Fannie Mae down 47% from yesterday?

Fannie and Freddie in danger



NEW YORK (CNNMoney.com) -- The anxiety over Fannie Mae and Freddie Mac, crucial to a recovery of the battered housing market and the economy as a whole, reached fever pitch on Friday as shares plunged on speculation of a looming bailout.

Immediately after the markets opened, shares of Fannie (FNM, Fortune 500) and Freddie (FRE, Fortune 500) fell more than 47% from their already battered closing price the day before. They soon rebounded later in the morning but Fannie shares were still down about 24% and Freddie shares were off 22% in early afternoon trading.

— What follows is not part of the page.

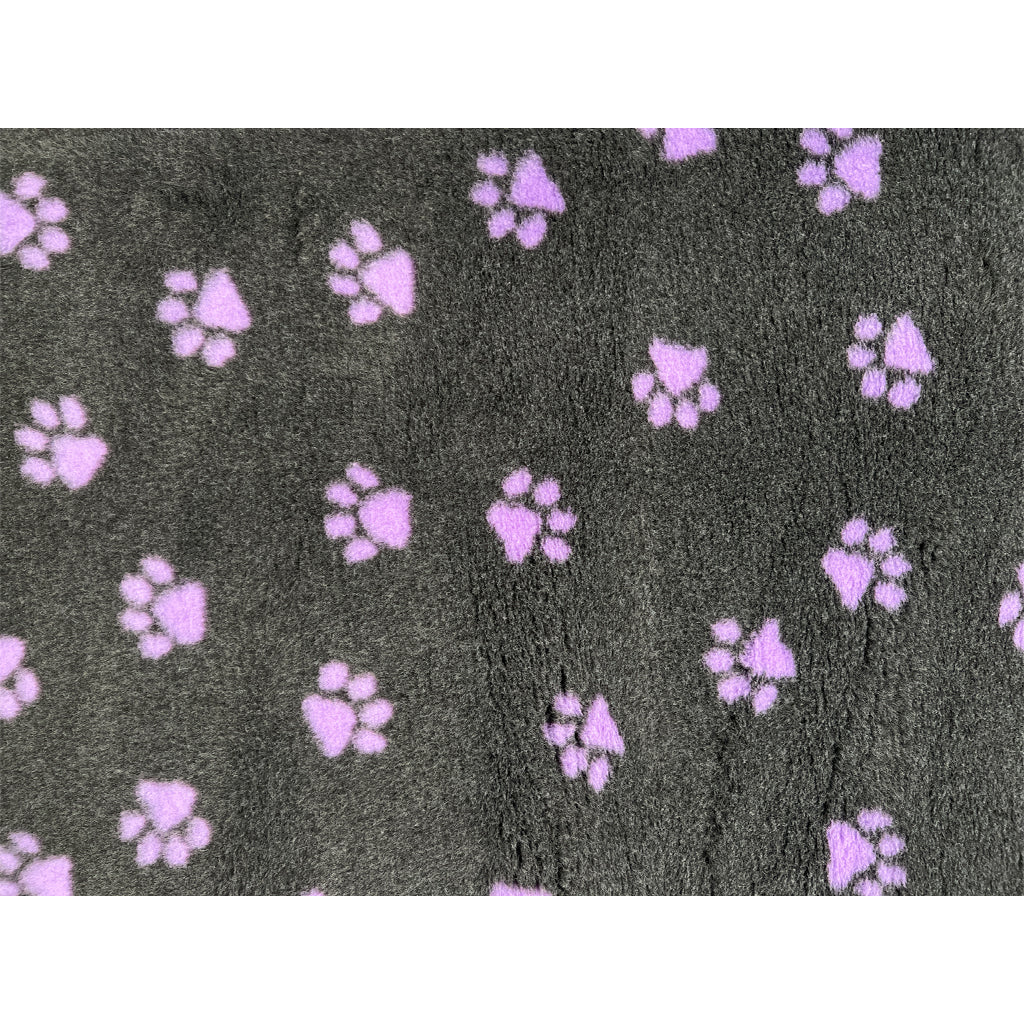 Vet Bed - Rubber Backed - Charcoal Lilac (purple) Paw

The problems for Freddie and Fannie also weighed on broader markets, causing a sell-off in U.S. stocks, especially hitting major banks, Wall Street firms and home builders.

Fannie and Freddie hold or back $5 trillion between them, or about half the mortgage debt in the country.

They play a central role in the U.S. housing market, providing a crucial source of funding for banks and other home lenders, especially since a credit market crisis last summer left them the only major players in packaging pools of mortgage loans into securities for sale to investors.

If they were unable to do so, it would significantly raise the cost and restrict the availability of mortgage loans, causing significantly more problems for already battered housing prices and sales. That in turn would be another significant problem for the overall U.S. economy, as well as global credit markets.

Bailout discussions
The New York Times reported Friday that senior Bush administration officials are considering a plan to have the government take over one or both of the companies if their problems worsen.

The shares started to erase early losses when word came that Treasury Secretary Henry Paulson was set to speak. He said that the government's primary focus is making sure that mortgage giants Fannie Mae and Freddie Mac remain as presently constituted to carry out their mission.

Even before the latest report on a possible rescue plan, speculation about the future of the firms this week sparked a run by investors away from their shares. That in turn raised questions about how difficult and expensive it will be for them to raise needed capital in the future, which fed into the stock plunge in a vicious cycle.

In the first four trading days of the week, the shares of Fannie have lost 30% of their value, while Freddie shares have tumbled 45%. For the year, Fannie is down 67% and Freddie 77%.

"Fannie Mae and Freddie Mac have lost investor confidence evidenced by the rapid brutal sell-off in their stocks, which could dramatically hinder their ability to raise any additional capital going forward," wrote Richard Hofmann of research firm CreditSights in a note Friday. He added that the firms' ability to function normally "remain at the core of government efforts to stabilize the mortgage markets."

A number of scenarios were being discussed by bankers and analysts about what the government may do to deal with investors' current crisis of confidence in the firms.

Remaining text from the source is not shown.